▸ Source material
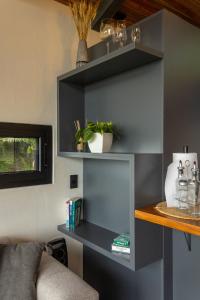 a living room with a shelf and a couch at BiBO Casa Savia in Monteverde Costa Rica +9 photos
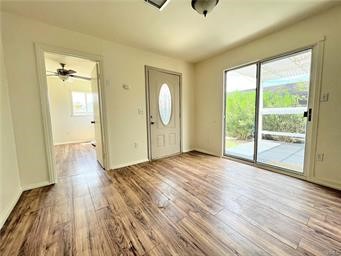 15962 M Street, Unit A Mojave, CA 93501 - Photo 10 of 21 a view of a livingroom with wooden floor and window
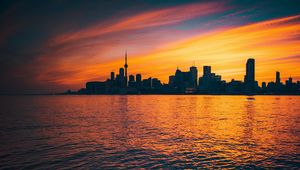 Preview wallpaper city, sunset, evening, water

▸ Activity
Reproduce word for word the lines running from the line with "15962 M Street, Unit" through the end of the data, both included, and nothing else; leave out the pictures.

▸ Answer area
 15962 M Street, Unit A Mojave, CA 93501 - Photo 10 of 21 a view of a livingroom with wooden floor and window
 Preview wallpaper city, sunset, evening, water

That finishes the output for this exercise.